>>>>>

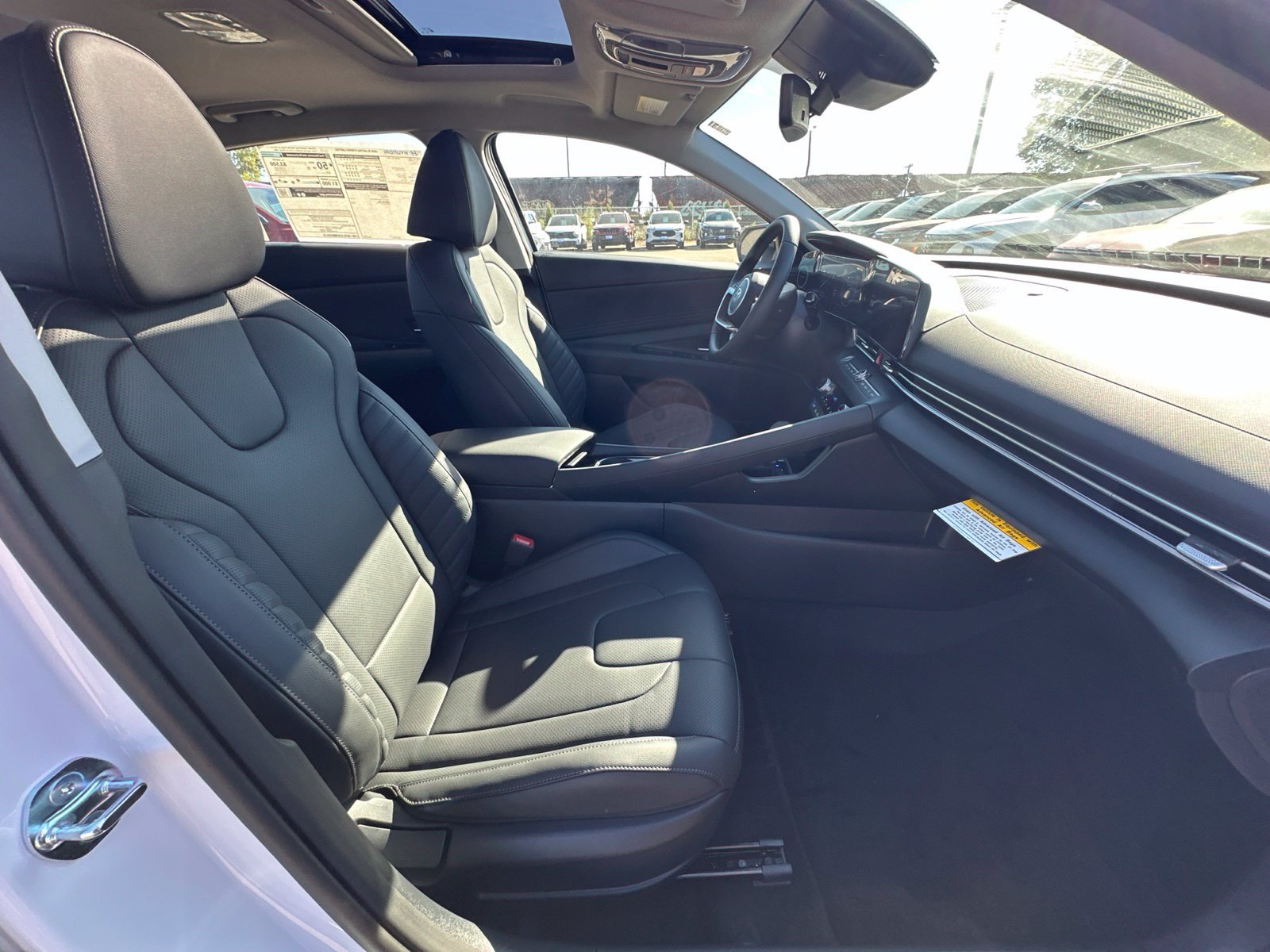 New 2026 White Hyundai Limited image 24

<<<<<
>>>>>

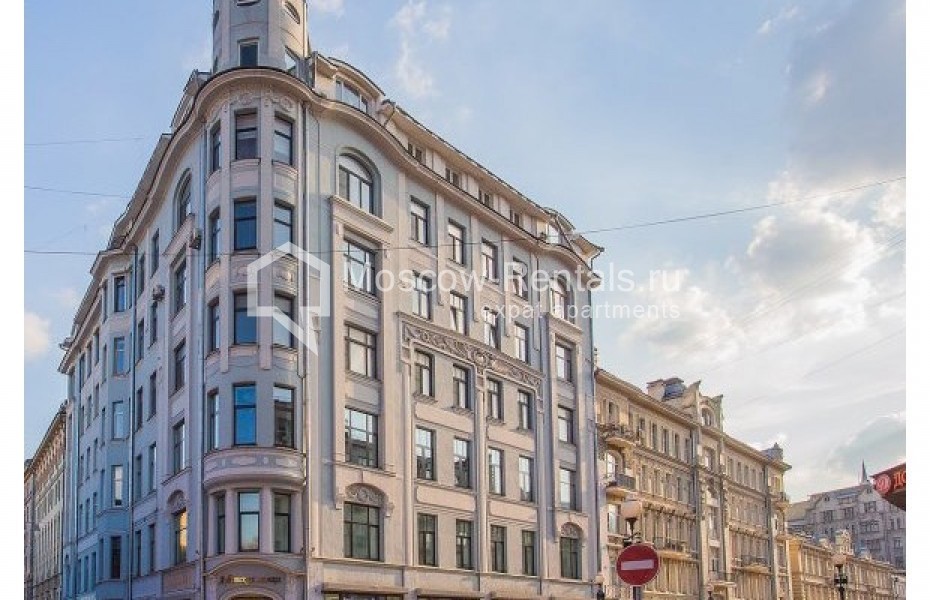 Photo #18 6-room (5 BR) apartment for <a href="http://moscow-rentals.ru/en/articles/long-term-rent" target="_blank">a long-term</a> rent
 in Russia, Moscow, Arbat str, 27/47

<<<<<
>>>>>

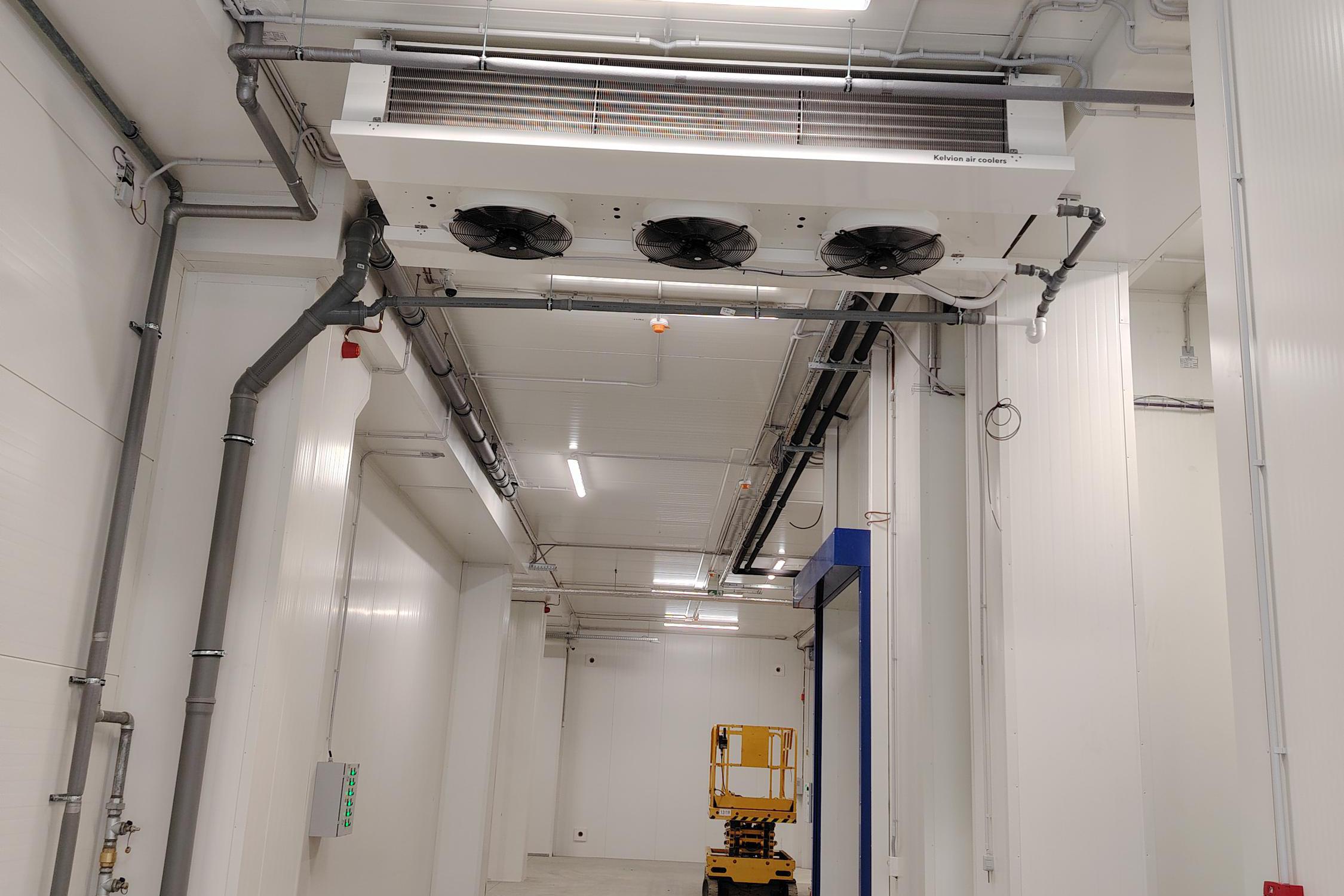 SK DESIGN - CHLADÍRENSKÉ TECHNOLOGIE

<<<<<

Taking the material above, give again exactly the lines from the one holding "Photo #18 6-room" through the one holding "in Russia, Moscow, Arbat str, 27/47", with both ends and without pictures.

* OUTPUT OF THE TASK:
 Photo #18 6-room (5 BR) apartment for <a href="http://moscow-rentals.ru/en/articles/long-term-rent" target="_blank">a long-term</a> rent
 in Russia, Moscow, Arbat str, 27/47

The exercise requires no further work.